Vertical integration is a process by which a company’s hierarchy in terms of how its services and products are sourced and manufactured is simplified and unified under just one entity. This means that a company takes control of a part of the flow of production so that it would be easier to control the other variables that may affect the performance of a business entity. When more than one company is involved in the making of a particular product, a situation called a “hold-up” may ensue wherein one company would withhold its products and services to bargain for special considerations or terms from the umbrella organization. Since this stalls the production line, this type of situation renders the entire process inefficient and ineffective for the consummation of business.
For a company that produces clothes for instance, it would be to its advantage if it could control the sources of fabrics. That way, it would be easier for the garments producer to ensure the availability of the raw material as well as the process at which the fabric could be bought. The same could be said if the company were to own the subsidiary stores that would later on sell the finish products of the company. This would allow them to control their margins and push particular products that they want featured or pushed more heavily.
Here’s how you make a plan for vertical integration:
- First, you must decide which type of vertical integration you want to do for your company.
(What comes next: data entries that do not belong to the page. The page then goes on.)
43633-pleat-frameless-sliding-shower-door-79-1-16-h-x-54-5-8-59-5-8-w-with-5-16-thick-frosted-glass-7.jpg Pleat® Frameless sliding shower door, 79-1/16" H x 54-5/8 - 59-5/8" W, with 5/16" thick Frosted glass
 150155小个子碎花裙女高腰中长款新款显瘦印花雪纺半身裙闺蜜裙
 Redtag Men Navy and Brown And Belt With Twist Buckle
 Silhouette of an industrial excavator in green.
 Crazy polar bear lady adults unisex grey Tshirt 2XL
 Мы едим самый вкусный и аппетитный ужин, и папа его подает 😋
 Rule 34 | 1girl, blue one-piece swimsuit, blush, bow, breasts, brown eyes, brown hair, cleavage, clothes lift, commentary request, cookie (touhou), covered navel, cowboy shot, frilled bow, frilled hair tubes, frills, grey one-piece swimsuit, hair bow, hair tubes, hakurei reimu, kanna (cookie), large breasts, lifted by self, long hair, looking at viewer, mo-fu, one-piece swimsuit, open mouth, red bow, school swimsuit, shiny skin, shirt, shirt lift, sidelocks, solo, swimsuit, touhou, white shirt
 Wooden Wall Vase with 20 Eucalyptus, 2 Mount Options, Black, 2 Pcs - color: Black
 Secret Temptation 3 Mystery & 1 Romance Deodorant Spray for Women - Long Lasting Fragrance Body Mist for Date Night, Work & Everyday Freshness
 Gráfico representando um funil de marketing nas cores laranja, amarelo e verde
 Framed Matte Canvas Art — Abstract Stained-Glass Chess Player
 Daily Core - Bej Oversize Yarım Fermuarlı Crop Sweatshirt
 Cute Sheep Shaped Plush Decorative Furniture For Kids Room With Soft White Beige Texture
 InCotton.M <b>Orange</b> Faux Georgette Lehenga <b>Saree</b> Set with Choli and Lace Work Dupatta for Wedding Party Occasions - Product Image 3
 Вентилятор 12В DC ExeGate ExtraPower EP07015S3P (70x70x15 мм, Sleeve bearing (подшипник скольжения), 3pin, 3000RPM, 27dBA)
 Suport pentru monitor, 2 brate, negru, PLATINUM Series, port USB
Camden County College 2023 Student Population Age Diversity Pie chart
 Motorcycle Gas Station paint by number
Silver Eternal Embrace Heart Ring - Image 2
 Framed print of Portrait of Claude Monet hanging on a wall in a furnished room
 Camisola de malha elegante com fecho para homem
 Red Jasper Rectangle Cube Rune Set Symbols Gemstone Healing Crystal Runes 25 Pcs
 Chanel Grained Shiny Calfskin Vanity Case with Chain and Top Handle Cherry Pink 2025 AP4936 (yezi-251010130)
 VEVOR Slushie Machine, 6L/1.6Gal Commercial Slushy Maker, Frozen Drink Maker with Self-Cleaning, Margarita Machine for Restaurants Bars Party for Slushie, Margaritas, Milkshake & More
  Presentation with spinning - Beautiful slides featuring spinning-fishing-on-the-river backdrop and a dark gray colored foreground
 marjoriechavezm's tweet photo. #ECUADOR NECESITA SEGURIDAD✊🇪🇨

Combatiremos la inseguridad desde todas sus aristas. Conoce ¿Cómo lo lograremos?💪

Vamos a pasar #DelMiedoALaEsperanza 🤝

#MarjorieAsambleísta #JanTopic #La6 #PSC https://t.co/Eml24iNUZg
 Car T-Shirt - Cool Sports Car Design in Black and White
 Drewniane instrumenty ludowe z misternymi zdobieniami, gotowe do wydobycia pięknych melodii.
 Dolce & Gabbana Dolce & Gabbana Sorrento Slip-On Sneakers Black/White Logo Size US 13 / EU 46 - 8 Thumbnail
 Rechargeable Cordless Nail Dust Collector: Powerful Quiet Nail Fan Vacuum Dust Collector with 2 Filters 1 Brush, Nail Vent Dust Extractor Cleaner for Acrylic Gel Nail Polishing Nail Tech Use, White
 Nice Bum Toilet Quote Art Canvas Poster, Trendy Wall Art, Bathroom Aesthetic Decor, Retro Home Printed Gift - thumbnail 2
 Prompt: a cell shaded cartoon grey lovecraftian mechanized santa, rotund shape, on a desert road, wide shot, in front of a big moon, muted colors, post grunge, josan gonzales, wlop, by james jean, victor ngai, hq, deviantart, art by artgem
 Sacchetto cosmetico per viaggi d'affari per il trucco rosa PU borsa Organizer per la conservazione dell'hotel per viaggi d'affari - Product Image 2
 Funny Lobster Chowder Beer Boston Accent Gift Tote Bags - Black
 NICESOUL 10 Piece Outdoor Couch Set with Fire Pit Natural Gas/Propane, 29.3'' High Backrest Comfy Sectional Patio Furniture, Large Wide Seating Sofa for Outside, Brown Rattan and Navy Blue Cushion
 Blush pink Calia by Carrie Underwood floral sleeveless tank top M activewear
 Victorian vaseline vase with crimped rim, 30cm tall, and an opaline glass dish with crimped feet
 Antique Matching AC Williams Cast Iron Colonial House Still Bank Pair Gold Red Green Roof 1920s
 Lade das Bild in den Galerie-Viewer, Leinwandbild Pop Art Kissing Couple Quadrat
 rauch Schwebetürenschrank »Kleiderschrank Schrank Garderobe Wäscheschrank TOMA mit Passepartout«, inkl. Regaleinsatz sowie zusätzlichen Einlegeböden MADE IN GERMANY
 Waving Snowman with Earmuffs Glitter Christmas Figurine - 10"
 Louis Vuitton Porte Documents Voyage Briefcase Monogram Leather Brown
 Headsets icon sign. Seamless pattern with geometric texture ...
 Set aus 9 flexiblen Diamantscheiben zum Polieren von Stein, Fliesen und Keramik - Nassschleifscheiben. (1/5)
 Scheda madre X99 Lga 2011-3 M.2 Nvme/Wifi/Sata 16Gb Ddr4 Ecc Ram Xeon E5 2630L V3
There are three major types of vertical integration. One is the backward type of integration wherein you would be absorbing the companies and processes that occur before your original phase in the production process. The example of the clothes manufacturer taking in the fabrics company is parallel to this type. The second is the forward type wherein the companies that are involved after your original phase are included. The example of getting the shops that sell your products also fall within this category. The last is the balanced one wherein your company takes the reins from before and after your original phase.
- Do a SWOT analysis on your company and the other entities that you wish to absorb. SWOT stands for strengths, weaknesses, opportunities and threats. This would allow you to zero in on the potential problems and solutions for your prospect. You may hire a management consultant for this or you can do this yourself. Just have an adviser ready so you’ll have another opinion on the matter.
- Use the data from the SWOT analysis to decide whether or not the move is worth it. Sometimes, you will end losing more by doing a vertical integration with a weak and inefficient company. If you’re sold with the idea to integrate, use the data to schedule which companies you want to integrate first and at what rates. Don’t try to integrate all at the same time because this will be very difficult from an administrative standpoint.
Vertical integration is a process that must be studied fully before you take the reins and drive ahead. Take all your options into consideration and see if it truly makes your company better and stronger.